The boat was a forty-foot schooner with two crew members and a young woman, all Cubans. She was below in the cabin. He had finished with her a few minutes before they saw the lights of Biloxi. He was all business now, inspecting his raft, packing his bag, saying nothing. The crew members crouched on the deck and stayed away from him.
At exactly nine, they lowered the raft onto the water. He dropped his bag into it, and was gone. They heard the trolling motor as he disappeared into the blackness of the Sound. They were to remain anchored until dawn, then haul it back to Havana. They held perfect papers declaring them to be Americans, in the event they were discovered and someone began asking questions.
He eased patiently through the still water, dodging buoy lights and the sight of an occasional small craft. He held perfect papers too, and three weapons in the bag.
It had been years since he struck twice in one month. After he was allegedly gunned down in Cuba, there had been a five-year drought. Patience was his forte. He averaged one a year.

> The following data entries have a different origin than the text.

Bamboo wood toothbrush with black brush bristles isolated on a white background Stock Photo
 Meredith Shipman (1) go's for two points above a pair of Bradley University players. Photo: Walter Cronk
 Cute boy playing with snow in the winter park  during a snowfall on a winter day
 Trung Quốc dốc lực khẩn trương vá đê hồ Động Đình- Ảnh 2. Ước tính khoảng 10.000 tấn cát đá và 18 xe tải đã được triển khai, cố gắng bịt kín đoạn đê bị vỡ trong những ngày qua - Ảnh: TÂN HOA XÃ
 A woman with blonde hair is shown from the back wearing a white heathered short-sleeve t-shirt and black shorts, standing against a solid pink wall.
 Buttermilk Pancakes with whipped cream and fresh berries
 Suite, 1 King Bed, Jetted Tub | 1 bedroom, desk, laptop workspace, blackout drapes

And this little victim would go unnoticed. No one would suspect him. It was such a small job, but his client was adamant and he happened to be in the neighborhood, and the money was right, so here he was in another six-foot rubber raft cruising toward a beach, hoping like hell his pal Luke would be there dressed not as a farmer, but a fisherman this time.
This would be the last for a long time, maybe forever. He had more money than he could ever spend or give away. And he had started making small mistakes.
He saw the pier in the distance, and moved away from it. He had thirty minutes to waste. He followed the shoreline for a quarter of a mile, then headed for it. Two hundred yards out, he turned off the trolling motor, unhitched it, and dropped it into the water. He lay low in the raft, worked a plastic oar when necessary, and gently guided himself to a dark spot behind a row of cheap brick buildings thirty feet ashore. He stood in two feet of water and ripped holes in the raft with a small pocket-knife. It sank and disappeared. The beach was deserted.
Luke was alone at the end of the pier. It was exactly eleven, and he was in place with a rod and reel. He wore a white cap, and the bill moved slowly back and forth as he scanned the water in search of the raft. He checked his watch.
Suddenly a man was beside him, appearing from nowhere like an angel. "Luke?" the man said.
This was not the code. Luke was startled. He had a gun in the tackle box at his feet, but there was no way. "Sam?" he asked. Maybe he had missed something. Maybe Khamel couldn't find the pier from the raft.
"Yes, Luke, it's me. Sorry about the deviation. Trouble with the raft."
Luke's heart settled and he breathed relief.
"Where's the vehicle?" Khamel asked.
Luke glanced at him ever so quickly. Yes, it was Khamel, and he was staring at the ocean behind dark glasses.
Luke nodded at a building. "Red Pontiac next to the liquor store."
"How far to New Orleans?"
"Half an hour," Luke said as he reeled in nothing.
Khamel stepped back, and hit him twice at the base of the neck. Once with each hand. The vertebrae burst and snapped the spinal cord. Luke fell hard and moaned once. Khamel watched him die, then found the keys in a pocket. He kicked the corpse off into the water.
Edwin Sneller or whatever his name was did not open the door, but quietly slid the key under it. Khamel picked it up, and opened the door to the next room. He walked in, and moved quickly to the bed where he placed his bag, then to the window where the curtains were open and the river was in the distance. He pulled the curtains together, and studied the lights of the French Quarter below.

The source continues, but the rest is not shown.